ApsaraMQ for MQTT:Authentication overview

The username parameter consists of the authentication mode, AccessKeyId, and InstanceId, which are separated by vertical bars (|).

For example, if the ClientId of a client is GID_Test @, the instance ID is timestamp, and the AccessKeyId is yyyyyyy, the UserName should be set to "Signature | YYYYY | Timestamp" in Signature mode and to "Token | YYYYY | Timestamp" in Token mode.

The signature mode is ApsaraMQ for MQTT this authentication mode specifies that MQTT clients of the same type have the same permissions and use the same account for signature calculation. The MQTT Broker identifies the accounts and permissions of the MQTT clients through signature comparison. The signature authentication mode is easy to understand and use.

• Scenarios

  The used MQTT clients can be logically classified into the same type, belong to the same account, and have the same permissions. The runtime environment of each MQTT client is relatively controllable. You do not have to worry about malicious attacks against devices, such as cracking and stealing.

  From the service perspective, MQTT clients of the same type are managed by the same account, which can be a primary account or a sub-account. Therefore, the MQTT clients only need to calculate signatures based on the account AccessKeySecret. Permissions are managed in the console by the account administrator.

• Signature calculation

  To prevent signature stealing, the independent information of each client is required for signature calculation. ApsaraMQ for MQTT Define a client ID unique to each client as the to be signed. For the signature calculation method, see Signature authentication.

The token authentication mode supports access through on-demand credentials and is applicable in the scenario where the permissions of each MQTT client need to be classified with a small granularity or MQTT clients need to be assigned only on-demand permissions with a limited validity period. The token service allows you to set the resources that are accessed by a single MQTT client, the permission level that is assigned to the MQTT client, and the permission expiration time.

For more information about the process and precautions of Token authentication, see Overview of token authentication.

• Scenarios

  The service party has an independent local account system and needs to split the identities of Alibaba Cloud accounts for the second time, or even needs to assign an independent account and permissions to each MQTT client. In this case, the RAM user system of Alibaba Cloud cannot meet the requirement for refined classification of MQTT clients.

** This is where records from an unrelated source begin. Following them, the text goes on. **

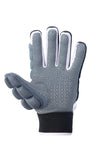 INDIAN MAHARADJA Glove Foam Full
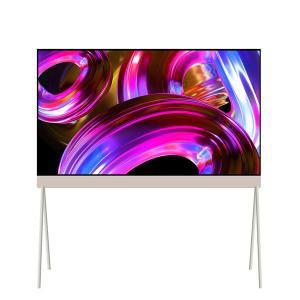 [LG] OLED TV 55LX1TKNA 스탠드형 오브제Pose 전국무료배송및 설치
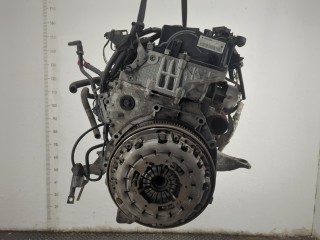 Генератор, ориг. номер 12318509023, 8509023, BMW 3 серия 2006-2010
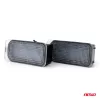 AMiO LED-es rendszámtábla-világítás CLP05 FORD, JAGUAR (04544)
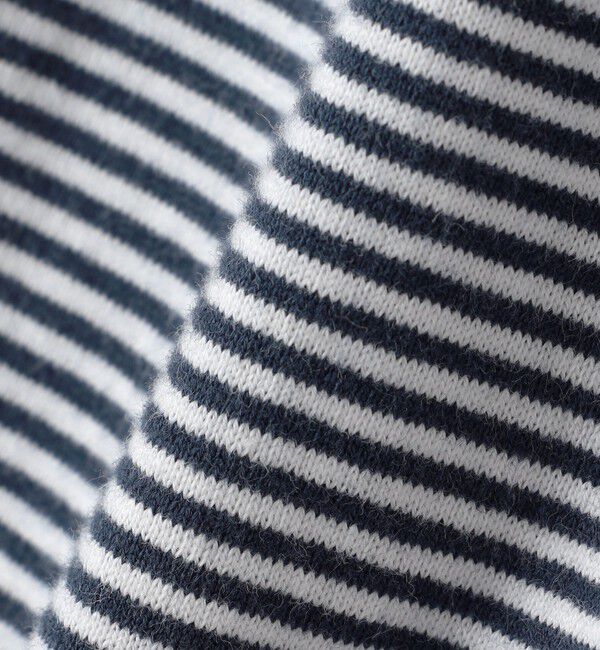 SHIPS KIDS「SHIPS KIDS:80cm / ロングスリーブ ギフトセット」|ギフトセット|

  Though the MQTT clients belong to the same Alibaba Cloud account, they need to play different roles assigned by local accounts (owned by the service department or a single MQTT client). This requirement cannot be met by using Alibaba Cloud accounts in signature authentication mode. The use of fixed permissions cannot meet the requirements of mobile terminals that need to protect against cracking and hijacking. Use of only on-demand and non-fixed permissions makes it more flexible to control permissions on a per-client basis and assign permissions on a per-resource basis.

• Token Usage

  The token authentication mode is relatively complex. The service party needs to have the account (device) management capability, manage the permissions and permission validity period of each device, apply for tokens on secure and controllable application servers and authorization servers, and deliver the tokens to MQTT clients. For usage instructions, see the document about the token service.